PR
コメディ・ライト小説 ※倉庫ログ
- Re: 【四章終わり】魔女守り!【人気投票実施中!】 ( No.258 )
- 日時: 2011/10/02 19:55
- 名前: 由羽 (ID: Lay1j2X4)
- 参照: ついに最終章突入!
——平和など、まだ訪れないのだよ——
「……くっそ……動かないか……。クロ、あんたは?」
「無理です。ノゾミさん。きっちりと縛られています」
暗い部屋の中に、彼女たちの声が響く。
暗闇に慣れてきた目に映るのは、ほこりにまみれた机といす、床に散乱する何かの図面。
「束縛プレイは趣味じゃないんでね」
強がってみるが、ガチャリと音を立てて開いたドアに、肩を震わせる。
何とかならないのか——。
悔しそうに顔をゆがめながら、歯切りをした。
——数時間前——
『現在、パレードは何事もなく、無事に行われています』
赤、黄色、青——、様々な色で彩られた車が、テレビの端に映る。
カメラが、有名な女子アナウンサーから、車の上にいる人物を映し出す。
白いひげが目立つ、やさしそうな人。年は五十代を行っているかどうか——、顔だちは若めに見えるが、口元には、笑いじわが目立っている。
「うわ、やってるね。総理のパレード」
食堂のテレビの前で、頬杖を突きながら言うのは、ボブヘアーが目立つ少女。
背が高く、声から想像される歳よりも何歳か上に見える。その少女は、強気な眉を、困ったようにハの字に曲げ、ため息をついた。

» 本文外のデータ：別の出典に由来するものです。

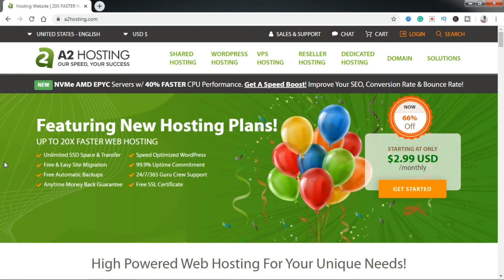Hi, I'm Sunday. In this tutorial, I'll be showing you how to buy web hosting, domain name, and install WordPress on A2hosting. I'll also be showing you how you can get a massive discount on A2hosting. Let's get started.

少女——、ノゾミ・ダリアスは、昨日配られた、モノクロコピーがされているプリントに目を落とす。
そこには、『明日の総理の誕生日パレードに、紅い華が咲くだろう』と、何とも着飾っている文字が書いてある、カードが印刷されていた。
「昨日警察に届いたカード、民間人には知られていないんでしたっけ」
ノゾミの隣に、黒いはねっけが目立つ少年が立つ。
うん、と、ノゾミは少年——、クロに向かってうなずいた。
そう、昨日、警察にこんなカードが届いたのだった。